Tip Thyme likes it very warm and dry. In the garden, sunny or heat-storing places such as on the house wall or in the rock garden are a good location for him. Harvest just before or during flowering.

Ingredients, smell and taste

Thyme is a strong, tangy spice and tastes slightly bitter. Due to the wealth of species and varieties of the thymus family, the composition of the essential oil is very variable. Typical components that determine taste and smell are thymol and carvacrol. In the case of special thyme variants, the taste is changed by other components such as citral in lemon thyme or carvone in caraway thyme.



per 100 g of edible

portion, raw



per 100 g of edible

portion, raw

Energy (kcal) 95 Iron (mg) 5
Fat (g) 2.5 Magnesium (mg) 73
Protein (g) 3 Vitamin B1 (mg) 0.16
Carbohydrates (g) 15.1 Vitamin B2 (mg) 0.07
Dietary fiber (g) 3.3 Niacin (mg) 1.1
Potassium (mg) 270 Vitamin A (µg) 127
Calcium (mg) 630 Vitamin C (mg) 2

Use and preparation

Thyme can be used fresh and dried in the kitchen. Since it tastes very intense, it should only be used sparingly. Along with many other herbs, thyme is a typical aromatic component of Mediterranean cuisine. The French and Italian cuisines in particular have numerous dishes that use thyme. It is also an essential component of the popular French herbal blends “Herbes de Provence” and “Fines Herbes”.

Thyme goes well with meat and fish dishes.
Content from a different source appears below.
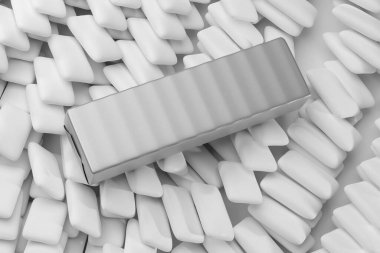 Bir paket sakız ve bir sürü sekme. Uydurma ürün sunumu. 3B resimleme.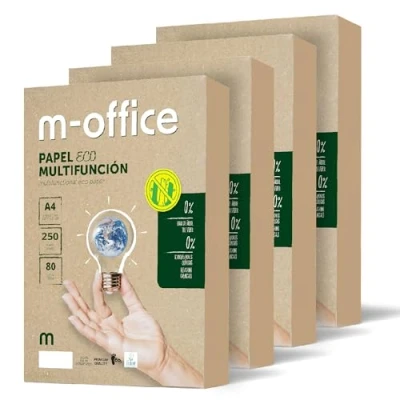 Abbildung von Papier aus Recyclingmaterial DIN A4, Packung mit A4 80 g/m², für Kopierer und Drucker, 250 Blättern 100% Recyclingpapier · m office (4 Packungen)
It can also be used to season vegetables such as potatoes or courgettes, soups and sauces such as minestrone or tomato sauce. Fresh thyme is best stored in the refrigerator in a plastic bag, so it will keep for a few days. Dried thyme can be stored for a long time in an airtight seal with only minimal loss of flavor.

Note You can also water fresh herbs in a glass, similar to fresh flowers. This way they stay fresh for a few days without wilting.